11 KiB
Experiment config reference
If you want to create a new nni experiment, you need to prepare a config file in your local machine, and provide the path of this file to nnictl. The config file is written in yaml format, and need to be written correctly. This document describes the rule to write config file, and will provide some examples and templates for you.
Template
- light weight(without Annotation and Assessor)
authorName:
experimentName:
trialConcurrency:
maxExecDuration:
maxTrialNum:
#choice: local, remote
trainingServicePlatform:
searchSpacePath:
#choice: true, false
useAnnotation:
tuner:
#choice: TPE, Random, Anneal, Evolution
builtinTunerName:
classArgs:
#choice: maximize, minimize
optimize_mode:
gpuNum:
trial:
command:
codeDir:
gpuNum:
#machineList can be empty if the platform is local
machineList:
- ip:
port:
username:
passwd:
- Use Assessor
authorName:
experimentName:
trialConcurrency:
maxExecDuration:
maxTrialNum:
#choice: local, remote
trainingServicePlatform:
searchSpacePath:
#choice: true, false
useAnnotation:
tuner:
#choice: TPE, Random, Anneal, Evolution
builtinTunerName:
classArgs:
#choice: maximize, minimize
optimize_mode:
gpuNum:
assessor:
#choice: Medianstop
builtinAssessorName:
classArgs:
#choice: maximize, minimize
optimize_mode:
gpuNum:
trial:
command:
codeDir:
gpuNum:
#machineList can be empty if the platform is local
machineList:
- ip:
port:
username:
passwd:
- Use Annotation
authorName:
experimentName:
trialConcurrency:
maxExecDuration:
maxTrialNum:
#choice: local, remote
trainingServicePlatform:
#choice: true, false
useAnnotation:
tuner:
#choice: TPE, Random, Anneal, Evolution
builtinTunerName:
classArgs:
#choice: maximize, minimize
optimize_mode:
gpuNum:
assessor:
#choice: Medianstop
builtinAssessorName:
classArgs:
#choice: maximize, minimize
optimize_mode:
gpuNum:
trial:
command:
codeDir:
gpuNum:
#machineList can be empty if the platform is local
machineList:
- ip:
port:
username:
passwd:
Configuration
-
authorName
-
Description
authorName is the name of the author who create the experiment. TBD: add default value
-
-
experimentName
-
Description
experimentName is the name of the experiment you created.
TBD: add default value
-
-
trialConcurrency
-
Description
trialConcurrency specifies the max num of trial jobs run simultaneously.

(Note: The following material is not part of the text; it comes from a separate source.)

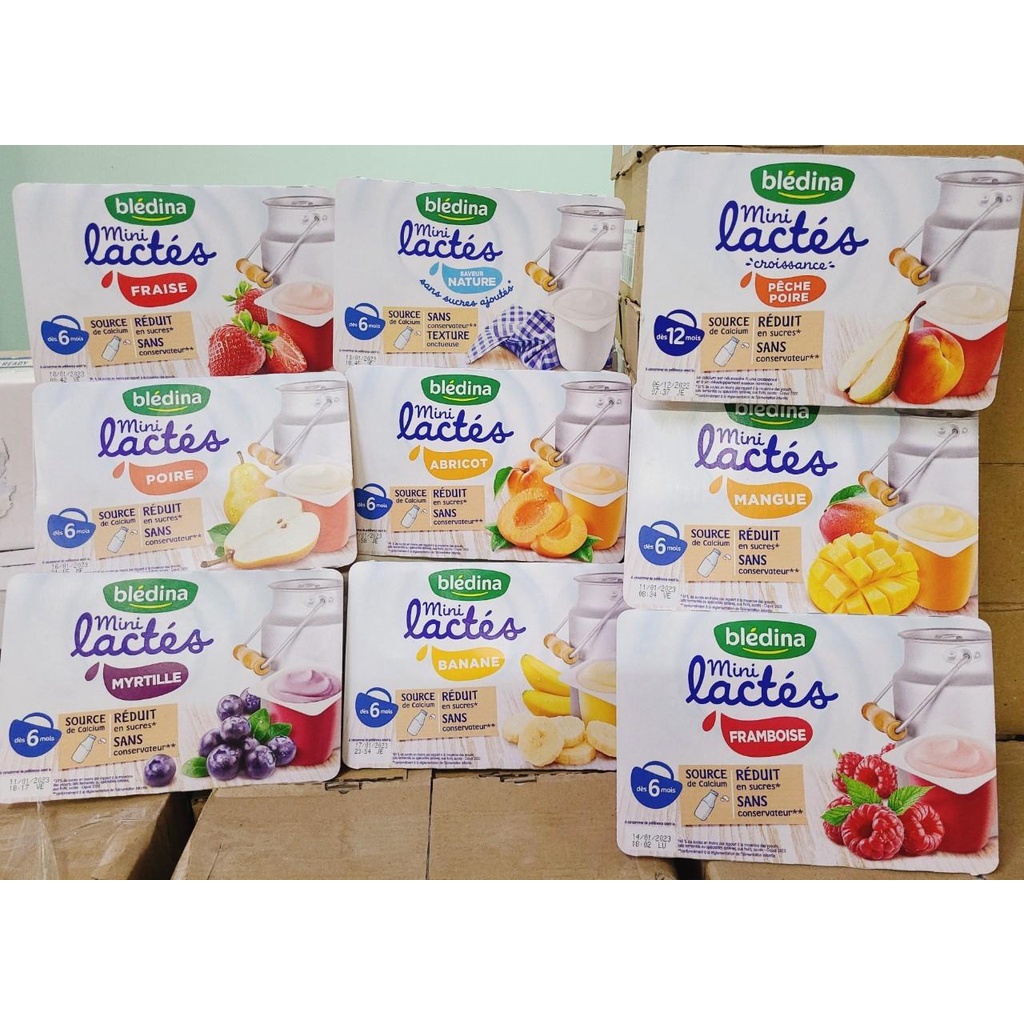 Sữa Chua Nguội Bledia Pháp Cho Bé Từ 6 Tháng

Note: if you set trialGpuNum bigger than the free gpu numbers in your machine, and the trial jobs running simultaneously can not reach trialConcurrency number, some trial jobs will be put into a queue to wait for gpu allocation.
-
-
maxExecDuration
-
Description
maxExecDuration specifies the max duration time of an experiment.The unit of the time is {s, m, h, d}, which means {seconds, minutes, hours, days}.
-
-
maxTrialNum
-
Description
maxTrialNum specifies the max number of trial jobs created by nni, including successed and failed jobs.
-
-
trainingServicePlatform
-
Description
trainingServicePlatform specifies the platform to run the experiment, including {local, remote}.
-
local mode means you run an experiment in your local linux machine.
-
remote mode means you submit trial jobs to remote linux machines. If you set platform as remote, you should complete machineList field.
-
-
-
searchSpacePath
-
Description
searchSpacePath specifies the path of search space file you want to use, which should be a valid path in your local linux machine.
Note: if you set useAnnotation=True, you should remove searchSpacePath field or just let it be empty.
-
-
useAnnotation
-
Description
useAnnotation means whether you use annotation to analysis your code and generate search space.

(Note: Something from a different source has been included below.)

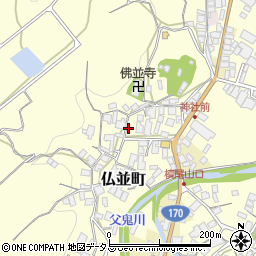 大阪府和泉市仏並町720周辺の地図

Note: if you set useAnnotation=True, you should not set searchSpacePath.
-
-
tuner
-
Description
tuner specifies the tuner algorithm you use to run an experiment, there are two kinds of ways to set tuner. One way is to use tuner provided by nni sdk, you just need to set builtinTunerName and classArgs. Another way is to use your own tuner file, and you need to set codeDirectory, classFileName, className and classArgs.
-
builtinTunerName and classArgs
-
builtinTunerName
builtinTunerName specifies the name of system tuner you want to use, nni sdk provides four kinds of tuner, including {TPE, Random, Anneal, Evolution}
-
classArgs
classArgs specifies the arguments of tuner algorithm
-
-
codeDir, classFileName, className and classArgs
-
codeDir
codeDir specifies the directory of tuner code.
- classFileName
classFileName specifies the name of tuner file.
- className
className specifies the name of tuner class.
- classArgs
classArgs specifies the arguments of tuner algorithm.
-
-
gpuNum
gpuNum specifies the gpu number you want to use to run the tuner process. The value of this field should be a positive number.

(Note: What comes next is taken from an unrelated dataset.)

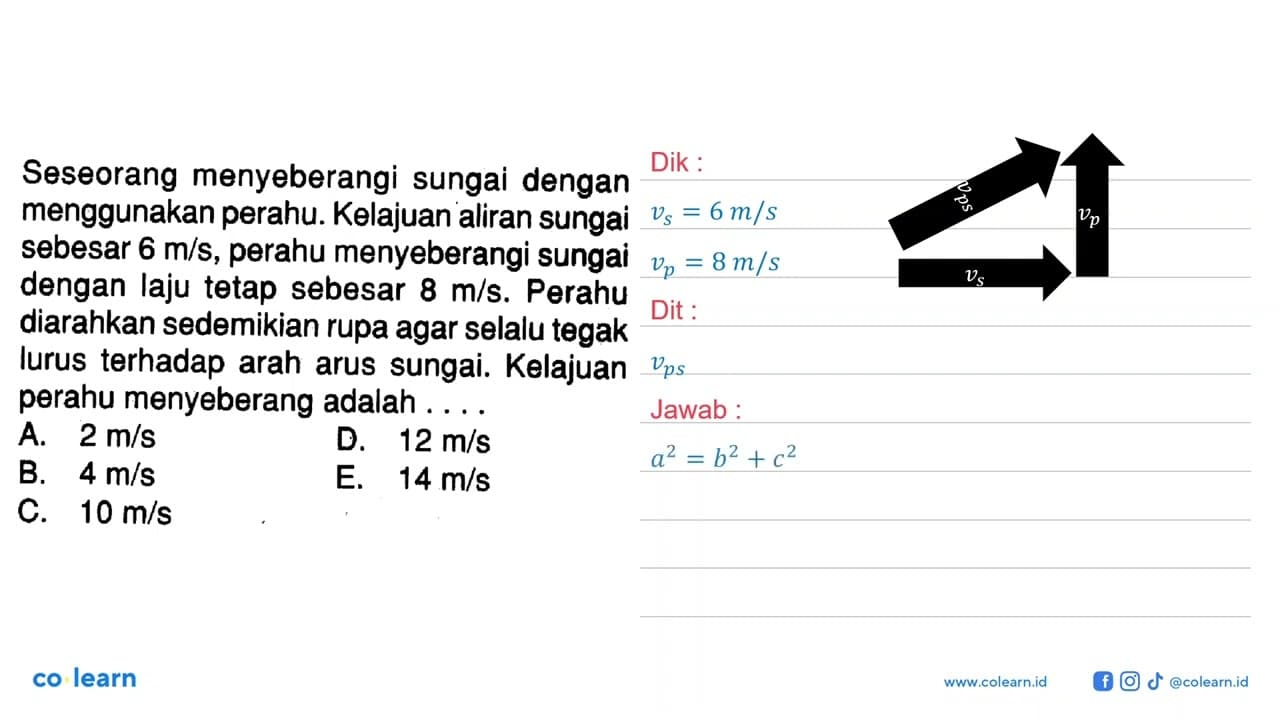 Seseorang menyeberangi sungai dengan menggunakan perahu.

Note: you could only specify one way to set tuner, for example, you could set {tunerName, optimizationMode} or {tunerCommand, tunerCwd}, and you could not set them both.
-
-
assessor
-
Description
assessor specifies the assessor algorithm you use to run an experiment, there are two kinds of ways to set assessor. One way is to use assessor provided by nni sdk, you just need to set builtinAssessorName and classArgs. Another way is to use your own tuner file, and you need to set codeDirectory, classFileName, className and classArgs.
-
builtinAssessorName and classArgs
-
builtinAssessorName
builtinAssessorName specifies the name of system assessor you want to use, nni sdk provides four kinds of tuner, including {TPE, Random, Anneal, Evolution}
-
classArgs
classArgs specifies the arguments of tuner algorithm
-
-
codeDir, classFileName, className and classArgs
-
codeDir
codeDir specifies the directory of tuner code.
- classFileName
classFileName specifies the name of tuner file.
- className
className specifies the name of tuner class.
- classArgs
classArgs specifies the arguments of tuner algorithm.
-
-
gpuNum
gpuNum specifies the gpu number you want to use to run the assessor process. The value of this field should be a positive number.
Note: you could only specify one way to set assessor, for example, you could set {assessorName, optimizationMode} or {assessorCommand, assessorCwd}, and you could not set them both.If you do not want to use assessor, you just need to leave assessor empty or remove assessor in your config file. Default value is 0.
-
-
trial
-
command
command specifies the command to run trial process.
-
codeDir
codeDir specifies the directory of your own trial file.
-
gpuNum
gpuNum specifies the num of gpu you want to use to run your trial process. Default value is 0.
-
-
machineList
machineList should be set if you set trainingServicePlatform=remote, or it could be empty.
-
ip
ip is the ip address of your remote machine.
-
port
port is the ssh port you want to use to connect machine.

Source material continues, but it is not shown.